> [Stored data]:
────────────────────
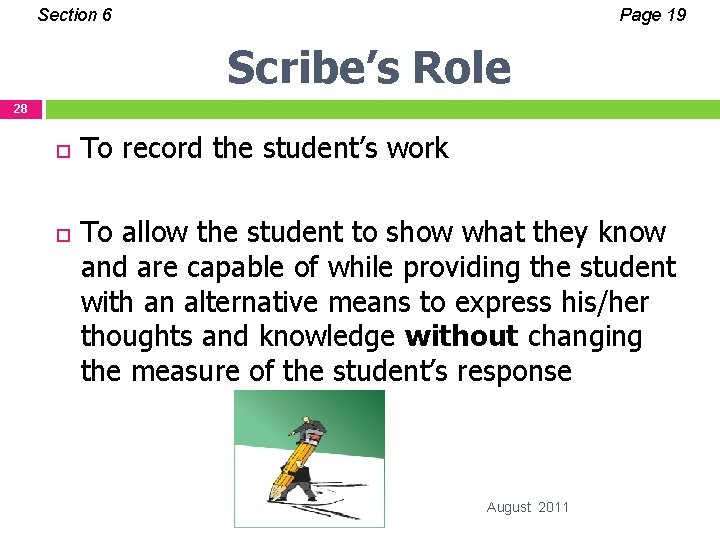 Section 6 Page 19 Scribe’s Role 28 To record the student’s work To allow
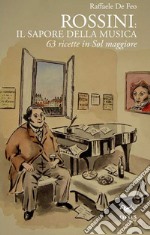 Rossini: il sapore della musica. 63 ricette in sol maggiore libro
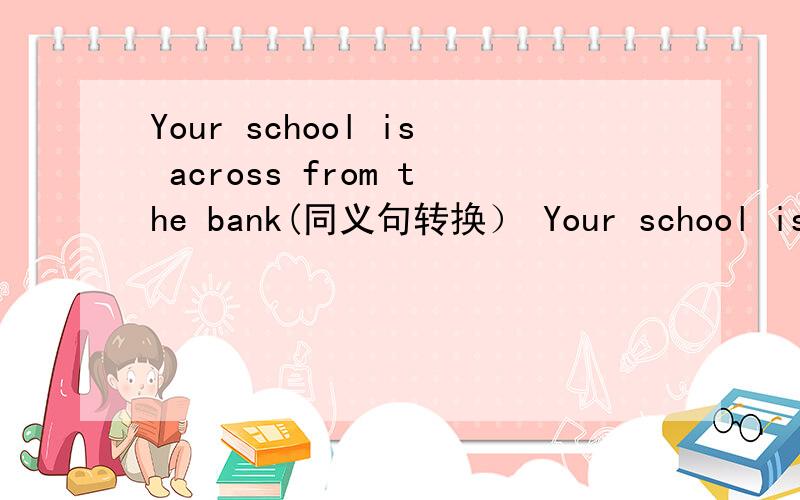 Your school is across from the bank(同义句转换） Your school is ------ ------ the bank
────────────────────
> [Exercise]:
Please repeat everything in the data above except the pictures, exactly as it reads.

> [Exercise answer]:
 Section 6 Page 19 Scribe’s Role 28 To record the student’s work To allow
 Rossini: il sapore della musica. 63 ricette in sol maggiore libro
 Your school is across from the bank(同义句转换） Your school is ------ ------ the bank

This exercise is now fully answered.